Jennifer B. Bodine, of Denton on the Eastern Shore, where the photographer snapped many of his most famous images, appealed to BMA trustees last week to overrule a curator's decision not to show her father's work, arguing that "Bodine has earned his rightful place alongside [Alfred] Stieglitz and other groundbreaking photographers who turned photography into an art form."
Museum officials don't dispute Bodine's importance -- the BMA has honored the artist with three solo exhibits -- but contend that works by other artists were a better fit for the historical scheme of the current show, Looking Through the Lens: Photography 1900-1960. The exhibition surveys major developments in the medium during the first half of the 20th century.
"We rely on our curatorial staff with the appropriate training and experience to make these kinds of important artistic decisions," says BMA director Doreen Bolger. "Our job can't be to show the work of every artist, but rather to set a standard for this community, which has many wonderful artists in it."
The BMA owns 19 vintage prints by Bodine. In previous exhibitions devoted to the artist, it has drawn from both its own holdings and loans from other institutions.
In an interview this week, Jennifer Bodine said that while she appreciates the recognition the BMA accorded her father in the past, his exclusion from the current exhibition diminishes his stature as a major photographic pioneer.
"My point is he should be seen alongside the big guys," Jennifer Bodine says. "What the exhibit says is that Bodine was not a worthy pictorial photojournalist," she added. "That's what's kicked me the hardest, and this in his own hometown.
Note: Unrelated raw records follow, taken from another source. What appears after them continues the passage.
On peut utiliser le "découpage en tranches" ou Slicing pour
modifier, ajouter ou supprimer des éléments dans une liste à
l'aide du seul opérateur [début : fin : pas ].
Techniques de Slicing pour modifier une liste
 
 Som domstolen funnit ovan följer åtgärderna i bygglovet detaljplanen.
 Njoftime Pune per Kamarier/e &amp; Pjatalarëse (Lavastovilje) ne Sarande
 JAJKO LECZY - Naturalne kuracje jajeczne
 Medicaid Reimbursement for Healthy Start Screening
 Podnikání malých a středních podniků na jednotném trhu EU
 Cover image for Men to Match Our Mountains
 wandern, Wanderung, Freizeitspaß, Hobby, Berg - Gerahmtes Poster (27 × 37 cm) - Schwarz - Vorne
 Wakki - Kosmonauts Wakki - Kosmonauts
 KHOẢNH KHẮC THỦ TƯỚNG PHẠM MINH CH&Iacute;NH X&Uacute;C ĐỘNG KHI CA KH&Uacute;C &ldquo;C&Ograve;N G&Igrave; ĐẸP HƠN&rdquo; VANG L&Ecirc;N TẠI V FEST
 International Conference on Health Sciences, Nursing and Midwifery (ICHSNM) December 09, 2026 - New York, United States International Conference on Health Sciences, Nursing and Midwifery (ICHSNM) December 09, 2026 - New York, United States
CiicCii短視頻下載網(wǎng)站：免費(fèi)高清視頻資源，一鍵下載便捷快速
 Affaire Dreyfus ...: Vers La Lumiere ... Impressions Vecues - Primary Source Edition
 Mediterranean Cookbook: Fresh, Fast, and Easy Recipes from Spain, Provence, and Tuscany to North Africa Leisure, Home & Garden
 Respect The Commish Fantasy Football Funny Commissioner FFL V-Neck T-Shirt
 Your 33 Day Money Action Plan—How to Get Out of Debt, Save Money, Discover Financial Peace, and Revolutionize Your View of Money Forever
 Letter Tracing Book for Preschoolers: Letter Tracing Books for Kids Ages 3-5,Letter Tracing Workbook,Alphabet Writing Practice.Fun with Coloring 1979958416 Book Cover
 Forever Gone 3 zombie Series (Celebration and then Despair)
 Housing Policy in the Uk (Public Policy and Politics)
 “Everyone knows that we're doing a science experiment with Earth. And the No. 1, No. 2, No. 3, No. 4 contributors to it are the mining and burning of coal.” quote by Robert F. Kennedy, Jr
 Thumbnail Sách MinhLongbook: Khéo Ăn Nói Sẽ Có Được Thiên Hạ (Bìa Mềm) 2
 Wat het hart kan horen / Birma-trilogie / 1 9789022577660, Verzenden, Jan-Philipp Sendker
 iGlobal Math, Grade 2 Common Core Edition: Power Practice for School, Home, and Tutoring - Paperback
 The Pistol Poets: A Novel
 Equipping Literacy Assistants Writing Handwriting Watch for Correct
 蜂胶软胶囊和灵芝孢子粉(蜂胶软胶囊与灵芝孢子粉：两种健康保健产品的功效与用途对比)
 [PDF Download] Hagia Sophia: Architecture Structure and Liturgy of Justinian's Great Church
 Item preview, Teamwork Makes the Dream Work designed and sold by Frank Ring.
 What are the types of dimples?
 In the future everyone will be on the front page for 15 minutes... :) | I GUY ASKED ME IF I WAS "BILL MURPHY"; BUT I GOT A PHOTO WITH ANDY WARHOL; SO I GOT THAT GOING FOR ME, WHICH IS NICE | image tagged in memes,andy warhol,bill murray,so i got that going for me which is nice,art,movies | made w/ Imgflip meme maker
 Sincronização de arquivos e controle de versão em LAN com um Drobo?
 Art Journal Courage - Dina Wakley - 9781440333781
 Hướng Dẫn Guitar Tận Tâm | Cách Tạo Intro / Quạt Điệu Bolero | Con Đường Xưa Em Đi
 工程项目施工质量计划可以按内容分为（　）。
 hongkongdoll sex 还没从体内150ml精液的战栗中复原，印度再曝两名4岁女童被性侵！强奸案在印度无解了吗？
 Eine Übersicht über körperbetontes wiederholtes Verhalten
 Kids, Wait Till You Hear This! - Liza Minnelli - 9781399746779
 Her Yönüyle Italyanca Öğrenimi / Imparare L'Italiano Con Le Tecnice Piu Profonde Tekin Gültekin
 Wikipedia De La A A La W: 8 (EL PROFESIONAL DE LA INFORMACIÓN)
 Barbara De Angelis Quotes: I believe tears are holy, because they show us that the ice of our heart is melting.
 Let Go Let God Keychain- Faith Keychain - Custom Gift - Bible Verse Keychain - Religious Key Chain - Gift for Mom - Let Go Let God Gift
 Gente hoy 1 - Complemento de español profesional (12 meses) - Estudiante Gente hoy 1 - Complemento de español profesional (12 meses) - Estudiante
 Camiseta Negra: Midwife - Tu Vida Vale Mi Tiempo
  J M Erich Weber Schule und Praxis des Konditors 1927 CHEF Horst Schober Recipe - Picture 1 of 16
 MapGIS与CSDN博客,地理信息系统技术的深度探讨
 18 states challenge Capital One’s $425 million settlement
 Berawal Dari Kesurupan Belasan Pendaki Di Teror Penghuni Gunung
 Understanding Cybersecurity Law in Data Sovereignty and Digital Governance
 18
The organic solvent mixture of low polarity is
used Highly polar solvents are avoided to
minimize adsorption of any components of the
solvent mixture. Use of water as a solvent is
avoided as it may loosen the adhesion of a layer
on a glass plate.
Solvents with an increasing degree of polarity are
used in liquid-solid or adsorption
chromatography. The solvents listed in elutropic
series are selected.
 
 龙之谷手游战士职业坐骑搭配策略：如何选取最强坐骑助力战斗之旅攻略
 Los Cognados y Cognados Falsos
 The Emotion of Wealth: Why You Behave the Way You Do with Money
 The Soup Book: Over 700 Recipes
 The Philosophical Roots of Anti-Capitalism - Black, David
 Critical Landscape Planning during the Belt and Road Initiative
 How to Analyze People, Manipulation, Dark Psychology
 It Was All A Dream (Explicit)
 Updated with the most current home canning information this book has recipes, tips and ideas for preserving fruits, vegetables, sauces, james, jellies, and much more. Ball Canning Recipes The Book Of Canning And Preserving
Wasn't there one tiny spot that could have been made for him?"
Yet even partisans of Baltimore artists concede that Bodine, though extremely popular in his day, may not have been an innovator on the order of Stieglitz, Edward Weston or Ansel Adams.
"My sense is that the BMA show is about progressive work, and Bodine wasn't really viewed as a progressive," says Megan Hamilton, program director at the Creative Alliance and author of a history of the local arts scene. "On the other hand, I think the museum has been doing a lot with the local arts community recently."